## RECORDS TO PROCESS
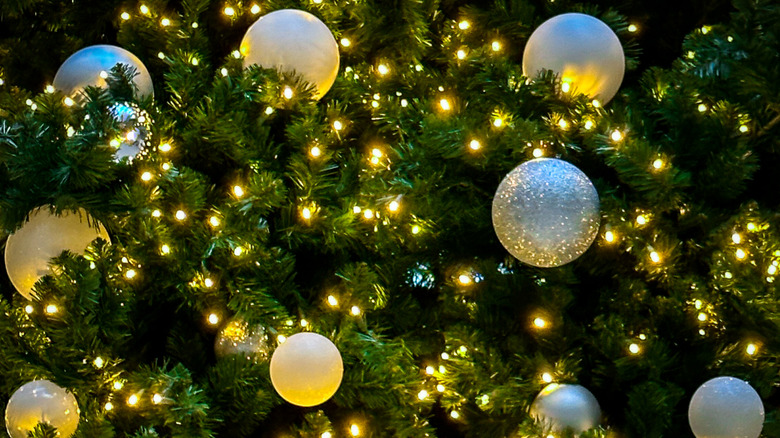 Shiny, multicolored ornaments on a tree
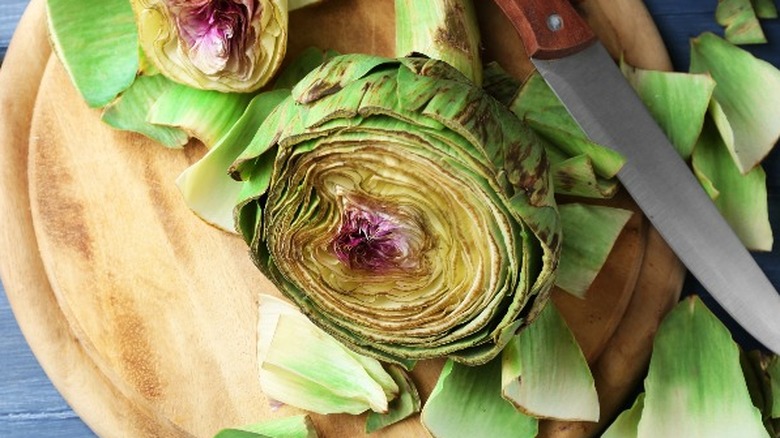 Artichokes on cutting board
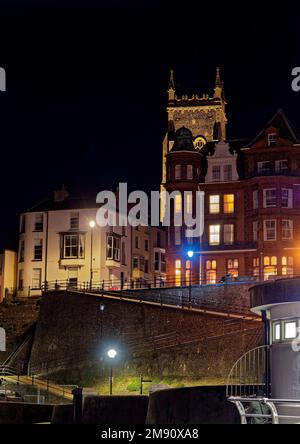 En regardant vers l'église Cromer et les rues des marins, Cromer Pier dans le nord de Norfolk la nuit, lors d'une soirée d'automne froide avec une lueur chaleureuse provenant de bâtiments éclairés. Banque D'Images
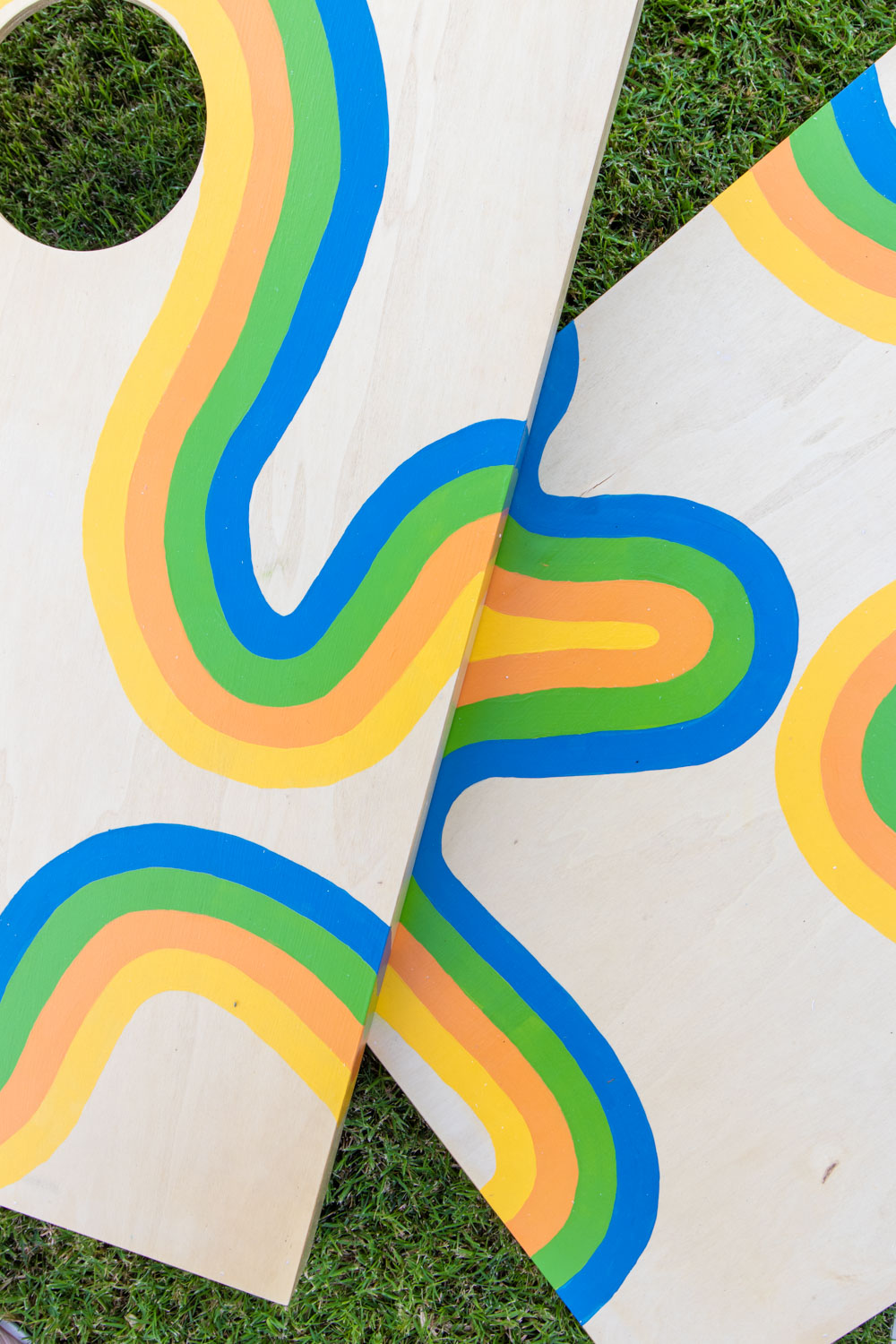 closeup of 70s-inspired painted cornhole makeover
--
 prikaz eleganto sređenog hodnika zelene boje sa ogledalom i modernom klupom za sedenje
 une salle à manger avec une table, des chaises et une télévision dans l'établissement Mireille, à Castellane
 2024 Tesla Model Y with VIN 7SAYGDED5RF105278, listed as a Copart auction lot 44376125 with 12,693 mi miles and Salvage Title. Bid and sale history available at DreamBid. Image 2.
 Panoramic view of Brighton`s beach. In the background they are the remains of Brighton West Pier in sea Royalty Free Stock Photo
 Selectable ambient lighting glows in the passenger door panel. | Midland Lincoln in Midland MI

## WORK REQUEST
Would you please copy exactly the part of the entries above that begins at the line containing "Panoramic view of" and ends at the line containing "Selectable ambient lighting", both lines included?

## ANSWER BOX
 Panoramic view of Brighton`s beach. In the background they are the remains of Brighton West Pier in sea Royalty Free Stock Photo
 Selectable ambient lighting glows in the passenger door panel. | Midland Lincoln in Midland MI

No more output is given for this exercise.